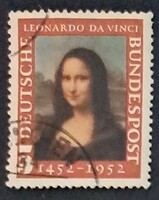 Németország 1952 – Leonardo da Vinci szül. 500. évforduló: Mona Lisa bélyeg, pecsételt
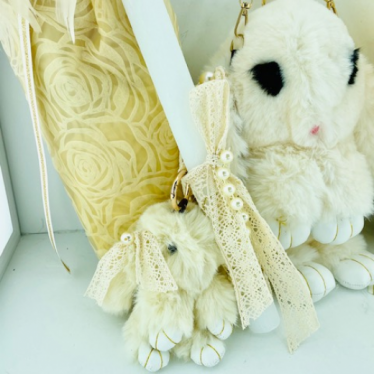 Εικόνα 2 για Σετ Λαμπάδας Beige Rabbit Με Μωράκι Μπρελοκ Κουνελάκι Bag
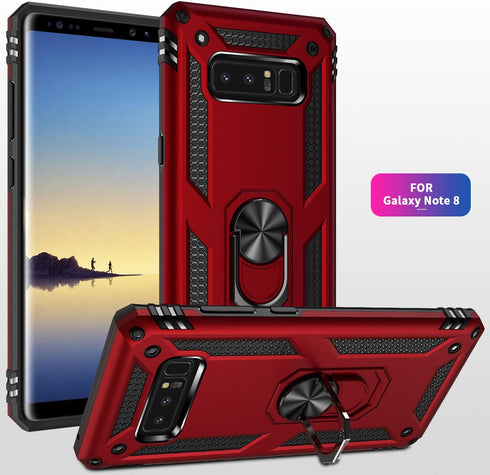 Military Grade Shockproof Case for Samsung Galaxy Note 8, 360 Metal Rotating Ring Kickstand (Black)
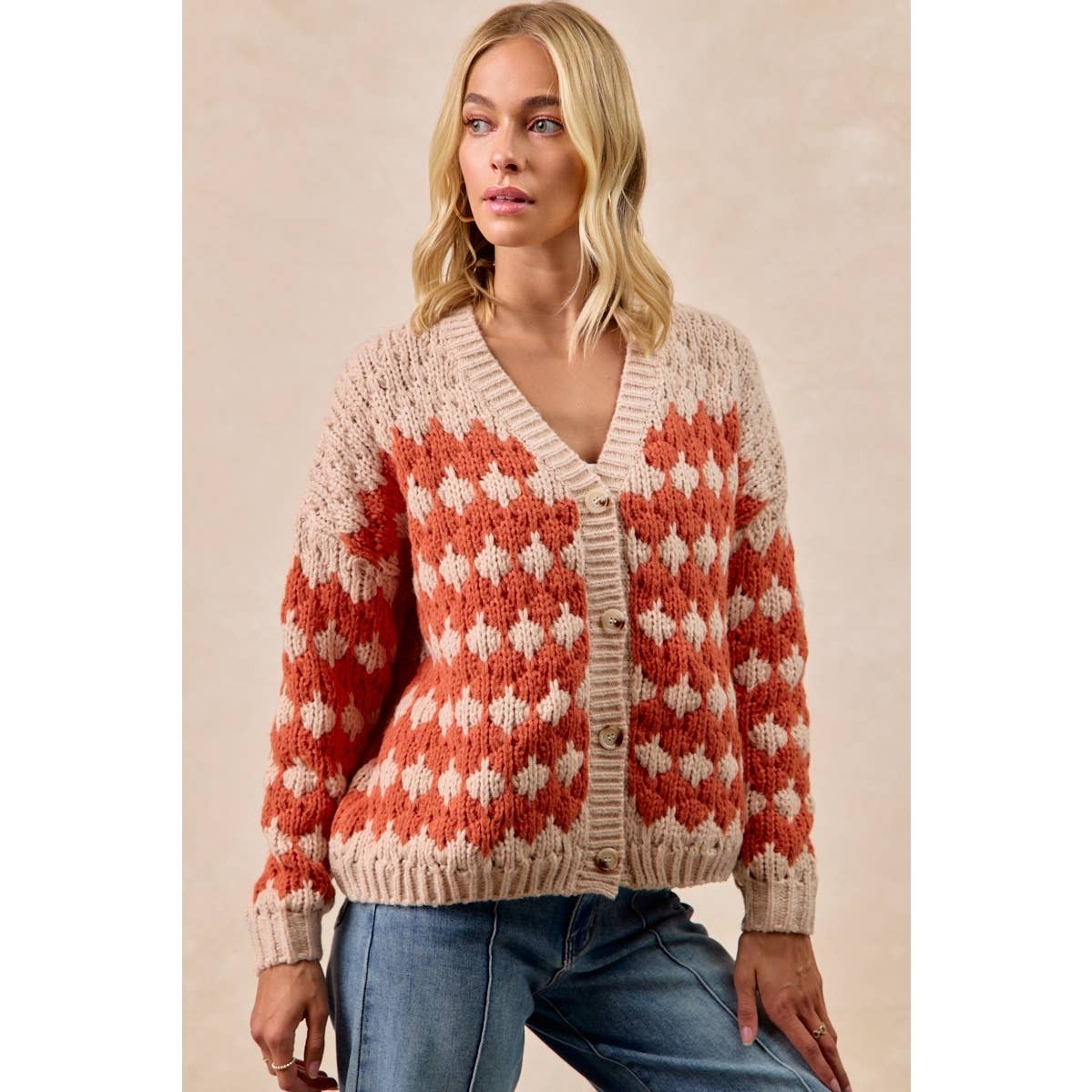 TEXTURED SWEATER CARDIGAN WITH BUTTONED CLOSURE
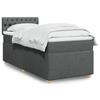 VidaXL Slat Bed Base with Mattress Dark Grey 90x200 Cm Fabric 3286571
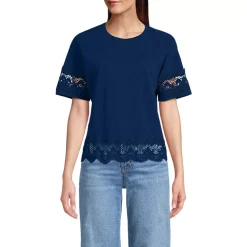 Women's Short Sleeve Slub Jersey Cutwork T-Shirt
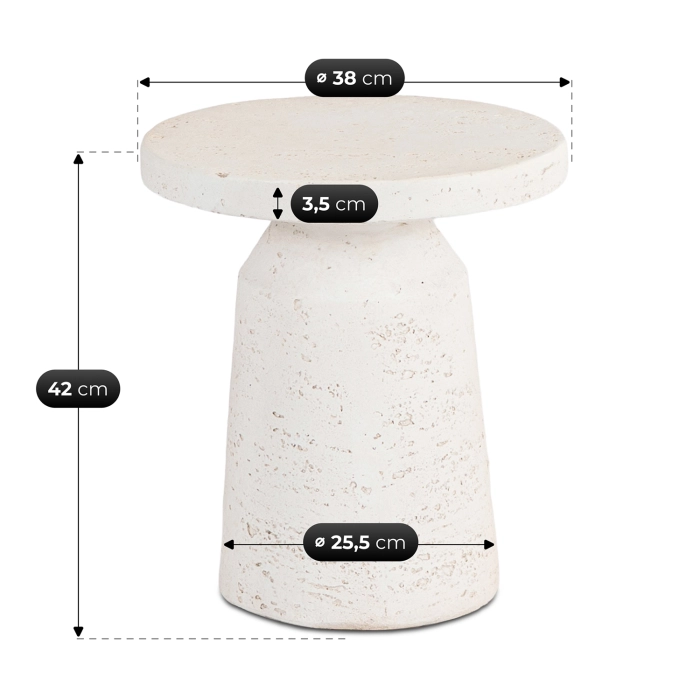 Stolík DESS 38 cm, krémová/béžová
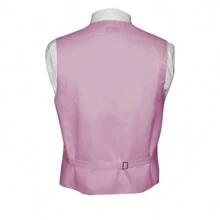 Sizes XS To 6XL Men's 3-Piece Tuxedo Vest Set – Satin Waistcoat With Bow Tie And Pocket Square For Wedding, Prom, Formal Events - 粉色 - 查看 5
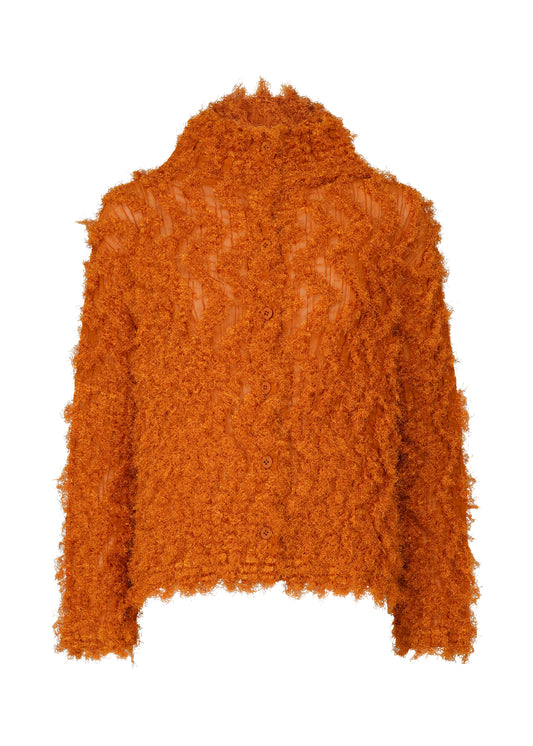 SHAGGY PLEATS、ウィメンズ_トップス_カーディガン、オレンジ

Work to be completed:
Could the material above be written out again word for word, with the pictures dropped?

Output for this exercise:
 Németország 1952 – Leonardo da Vinci szül. 500. évforduló: Mona Lisa bélyeg, pecsételt
 Εικόνα 2 για Σετ Λαμπάδας Beige Rabbit Με Μωράκι Μπρελοκ Κουνελάκι Bag
 Military Grade Shockproof Case for Samsung Galaxy Note 8, 360 Metal Rotating Ring Kickstand (Black)
 TEXTURED SWEATER CARDIGAN WITH BUTTONED CLOSURE
 VidaXL Slat Bed Base with Mattress Dark Grey 90x200 Cm Fabric 3286571
 Women's Short Sleeve Slub Jersey Cutwork T-Shirt
 Stolík DESS 38 cm, krémová/béžová
 Sizes XS To 6XL Men's 3-Piece Tuxedo Vest Set – Satin Waistcoat With Bow Tie And Pocket Square For Wedding, Prom, Formal Events - 粉色 - 查看 5
 SHAGGY PLEATS、ウィメンズ_トップス_カーディガン、オレンジ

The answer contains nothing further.